Incendiée par des manifestants le 31 août septembre 2016, l’Assemblée nationale gabonaise a gardé intactes les stigmates de ses «brûlures» : l’hémicycle complètement détruit par les flammes, une partie du rez-de-chaussée inexploitable, vitres de façade explosées, etc. Le «financement concerté» voulu par les Chinois, qui «sont prêts», tarde à se matérialiser côté gabonais.
Septembre 2016 : Épave d’un véhicule calciné devant l’Assemblée saccagée et incendiée lors des violences post-électorales nées de la réélection contestée d’Ali Bongo. © Reuters
Plus de 15 mois après l’incendie de la première chambre du Parlement, les autorités compétentes ne semblent pas pressées de «rhabiller» le Palais Léon-Mba. En dépit de quelques frémissements en décembre 2016 et en septembre 2017, la question de la réhabilitation de l’Assemblée nationale semble demeurer entière…
«J’espère qu’avec les efforts des deux côtés, on pourra réaliser les travaux de réfection dans les meilleurs délais», avait indiqué Hu Changchu, ambassadeur de Chine au Gabon, lors d’un entretien, le 26 septembre 2017, avec Richard Auguste Onouviet, le président de l’Assemblée nationale. Mettant à profit cette entrevue, l’ambassadeur de Chine avait présenté à son interlocuteur les responsables d’une équipe de 14 experts chinois venus à Libreville en vue d’entamer l’étude de faisabilité d’une réhabilitation de l’hémicycle. Ces techniciens s’étaient d’ailleurs rapidement mis à pied d’oeuvre.
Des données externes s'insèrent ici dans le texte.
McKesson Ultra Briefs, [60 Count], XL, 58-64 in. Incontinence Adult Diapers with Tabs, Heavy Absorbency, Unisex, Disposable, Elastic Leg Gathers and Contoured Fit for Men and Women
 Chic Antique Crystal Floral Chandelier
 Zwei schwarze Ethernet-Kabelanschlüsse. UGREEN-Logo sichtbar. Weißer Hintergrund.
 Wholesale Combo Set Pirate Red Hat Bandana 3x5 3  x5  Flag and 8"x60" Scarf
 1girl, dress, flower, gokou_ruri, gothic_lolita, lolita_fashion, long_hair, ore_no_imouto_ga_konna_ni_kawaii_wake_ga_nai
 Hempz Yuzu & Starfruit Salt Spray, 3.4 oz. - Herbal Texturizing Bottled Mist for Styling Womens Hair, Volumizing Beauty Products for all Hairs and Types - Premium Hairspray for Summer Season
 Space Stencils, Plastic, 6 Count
La visite des experts chinois intervenait neuf mois après la visite officielle, les 7 et 8 décembre 2016, du chef de l’État gabonais à Beijing en Chine. A cette occasion, les deux parties avaient signé un accord portant réfection de l’édifice détruit lors des violences post-électorales du 1er septembre 2016, après l’annonce des résultats de l’élection présidentielle par le ministre de l’Intérieur de l’époque, Pacôme Moubelet-Boubéya. Le Gabon était donc demandeur.
Le Gabon demandeur, mais…
Selon des indiscrétions de certains députés le concèdant en off, «on ne comprend que le dialogue politique et d’autres opérations spectaculaires aient été financés en milliards de francs, et que l’on n’ait pas trouvé un copeck pour l’Assemblée ; au risque de pécher par corporatisme, nous pensons qu’il était plus important de commencer par l’Assemblée nationale». Ces sources avancent que «les efforts n’ont pas été faits des deux côtés, c’est en effet la partie gabonaise qui n’a pas encore réagi», alors que le plénipotentiaire chinois souhaitait un «financement concerté». Il faut espérer qu’une réelle discordance ne s’est pas installée au fil du temps.
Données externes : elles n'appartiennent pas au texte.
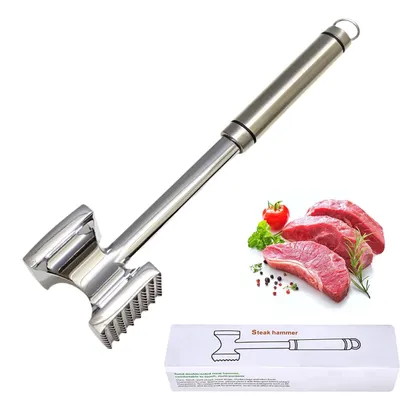 Fleischklopfer aus Edelstahl, 28 cm, doppelseitig, spülmaschinengeeignet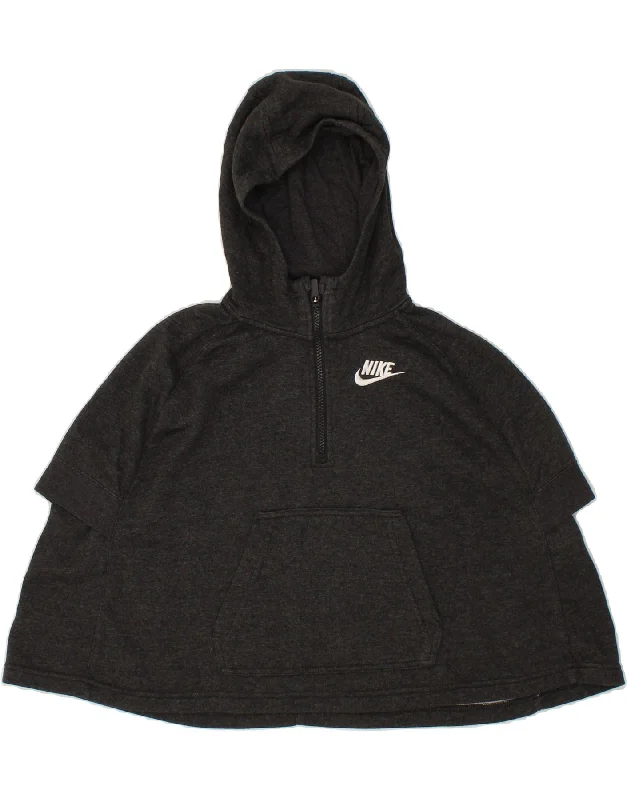 men's hoodie for layering in cold -NIKE Girls Short Sleeve 1/4 Zip Hoodie Jumper 8-9 Years Small Grey Cotton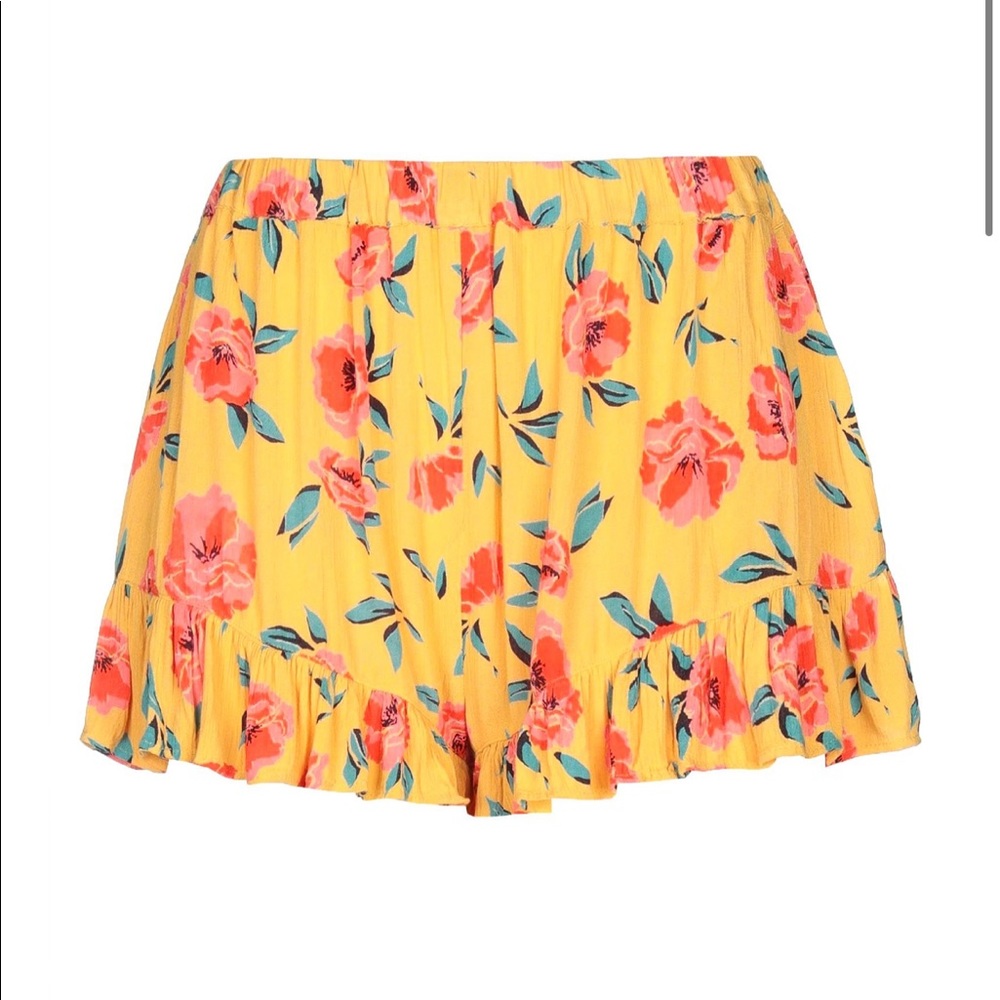 Billabong High Waist Yellow Floral Fabric Shorts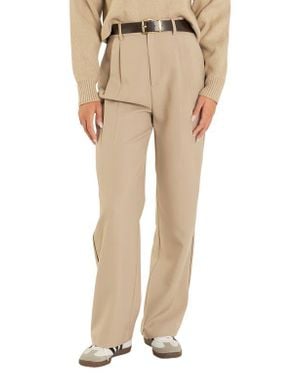 Grey Lab Pleated Wide Leg Pants - Natural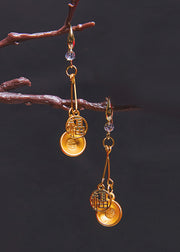 Handmade Golden Bowl And Fu Character 14K Gold Drop Earrings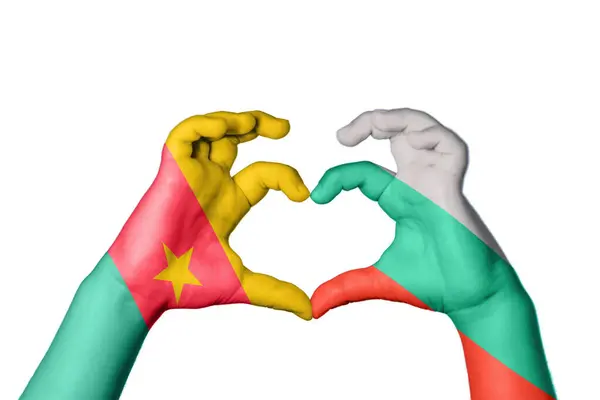 Kamerun Bulharsko Srdce Ruční Gesto Dělat Srdce Ořezávání Cesta — Stock fotografie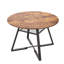 120cm Round Dining Table with Storage Shelf for 4-6 People, Industrial Circular Kitchen Desk with Cross Metal Legs, Rustic Brown, 120x120x75cm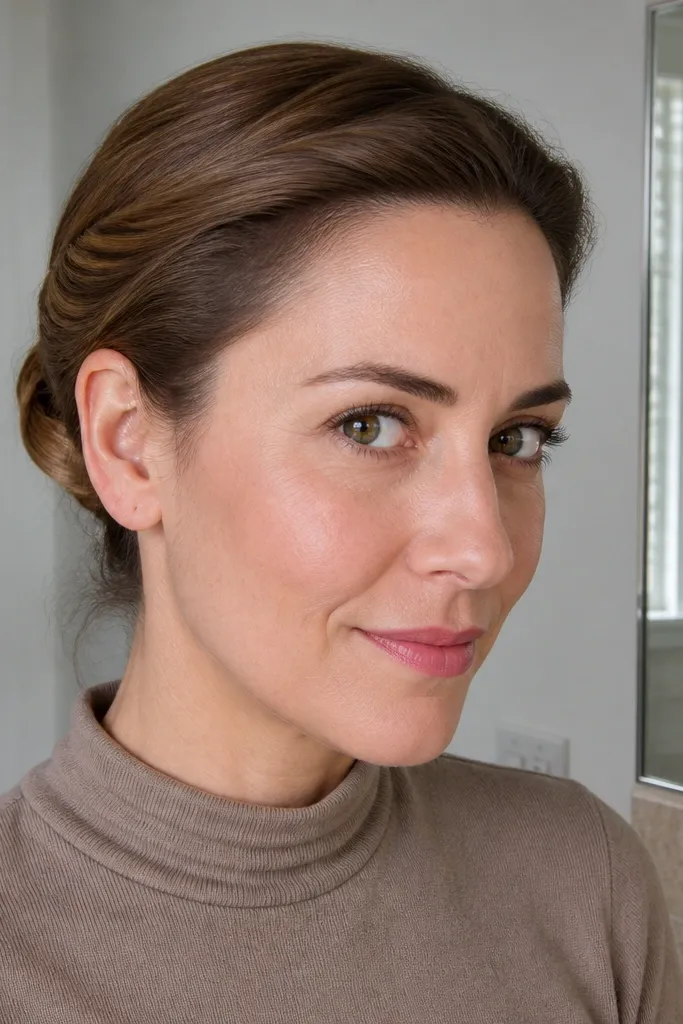 Low bun with a twist that creates smooth front coverage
À ce jour, en tout cas plus de quinze mois après l’incendie, et bien que le bâtiment donne d’inquiétants signes d’affaissement par endroits, «les autorités compétentes ne semblent pas accorder au Palais Léon-Mba l’attention qu’il devrait mériter». Toujours selon les sources internes de l’Assemblée nationale, «les Chinois, eux, sont prêts». La situation n’a pas changé. «Le plafond de l’hémicycle s’est effondré, et les sièges en sont complètement carbonisés, c’est un spectacle désolant qui s’offre aux visiteurs ; le temps est venu de réhabiliter le bâtiment. En fait, pour éviter que les députés ne respirent des effluves de ces cendres, il aurait même fallu que l’Assemblée déménage et loue des locaux pour nos sessions et nos réunions en commission», regrette un député.
«Réelle et salutaire préoccupation»
L’Assemblée nationale est, avec le Sénat, la Maison Georges-Rawiri, le stade de l’Amitié d’Angondjé et deux hôpitaux publics, l’un des symboles de l’excellence de la coopération entre le Gabon et la Chine. Situé sur le Boulevard Triomphal Omar-Bongo, l’une des principales artères de Libreville, le Palais Léon-Mba avait été livré aux autorités gabonaises en 2002. Le Sénat, autre composante du Parlement, avait été livré, pour sa part, en novembre 2005. Alors, «à quand cette réhabilitation si nécessaire ?», se demandent un bon nombre de députés. Au moment où une nouvelle législature va être mise en place – en avril prochain en principe – la question a effectivement tout son sens. Elle soulève une réelle et salutaire préoccupation.